9 septiembre, 2016 02:00

Marta Sanz

Vivimos aprisionados entre dos conceptos que se relacionan con respeto y democracia. Con ese juego entre la contención y la sinceridad de la víscera -a veces incluso de la inteligencia-, que bascula entre los amortiguadores de la civilización y la necesidad de quitarnos las mordazas de la boca. Se producen contradicciones entre corrección política y libertad de expresión.

Inhibidos por la corrección política no podemos quitarle a nuestro hijo los pantalones en público, ni expresar nuestros temores sobre el hecho de que en las aulas funcione la oposición ganador/perdedor, las niñas estén hipersexualizadas y todos -niños y niñas- seamos depredadores económicos y sexuales en potencia.
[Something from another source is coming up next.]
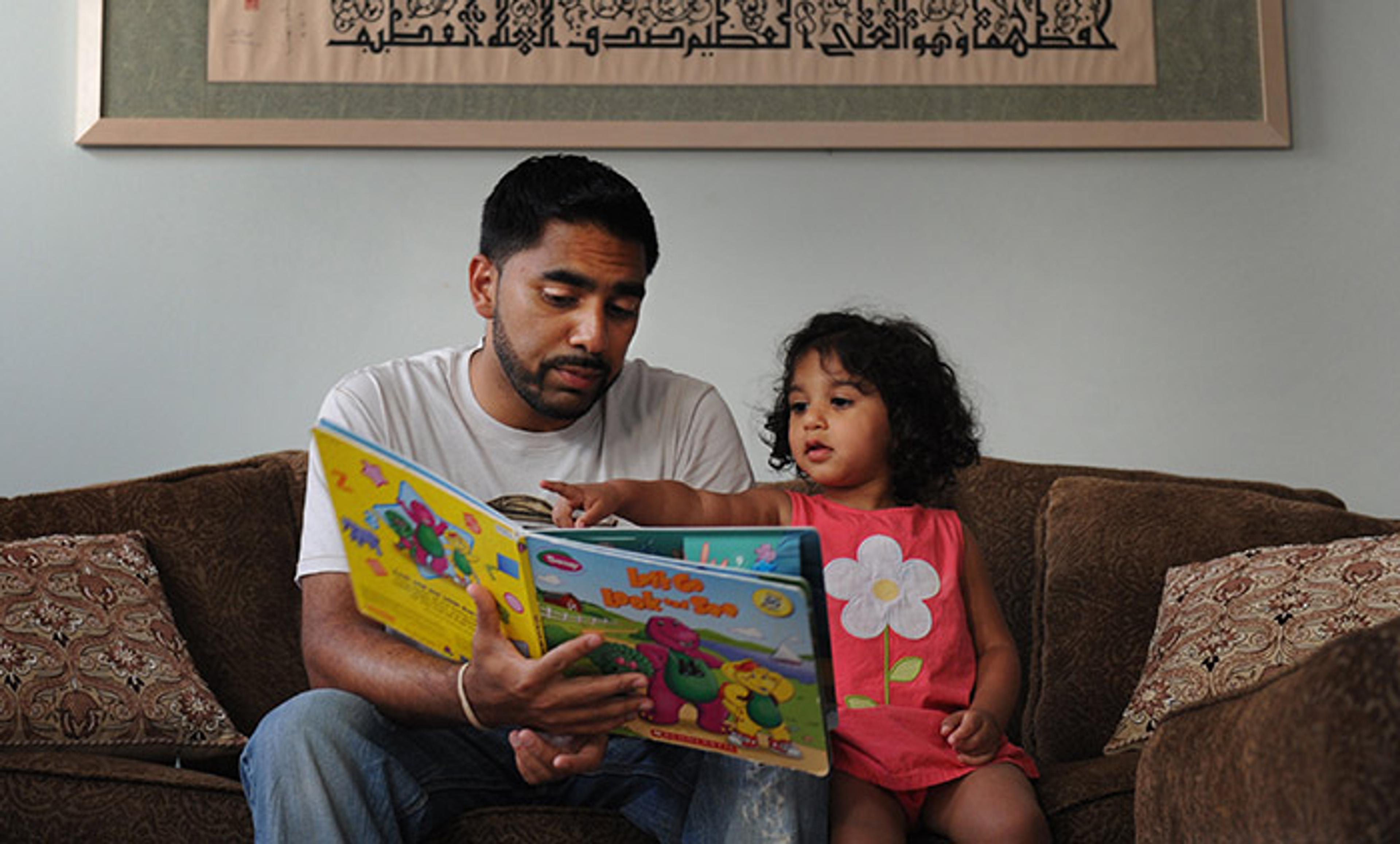 An Arab man adult reading a colourful Western picture book to a girl on a sofa with a framed artwork featuring Arabic calligraphy on the wall.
Da igual lo que escribamos en los manuales. Es una cuestión de ambiente, de caldo de cultivo, de reflejo de este mundo tan pulcro y tan sucio. Por "corrección", no podemos llamar por su nombre a ciertas cosas ni tomárnoslas a risa. No podemos decir ciertas verdades sin recurrir al eufemismo o a las palabras en inglés. A veces incluso estamos incapacitados para entender el sarcasmo, los filtros interpuestos de la literatura. O no detectamos la brutalidad de los discursos elegantes: los que hablan de reajustes económicos o violencia de género, en lugar de hablar de despidos y machismo. No podemos decir ciertas verdades porque somos incorrectos, malos: herimos la sensibilidad y la felicidad ajena. Carecemos de buena fe y el exoesqueleto de una corrección política, identificada con el lugar común de la ideología dominante, coarta nuestra indefensa libertad de expresión.

Sin embargo, existe otra libertad de expresión reducida a exabrupto: la de los perros que nos muerden las tripas y escupen, sin pensarlo dos veces, lo que les sale del alma. O de otros huecos del cuerpo. La de los matones que han aprendido que el derramamiento de sangre es muy comercial.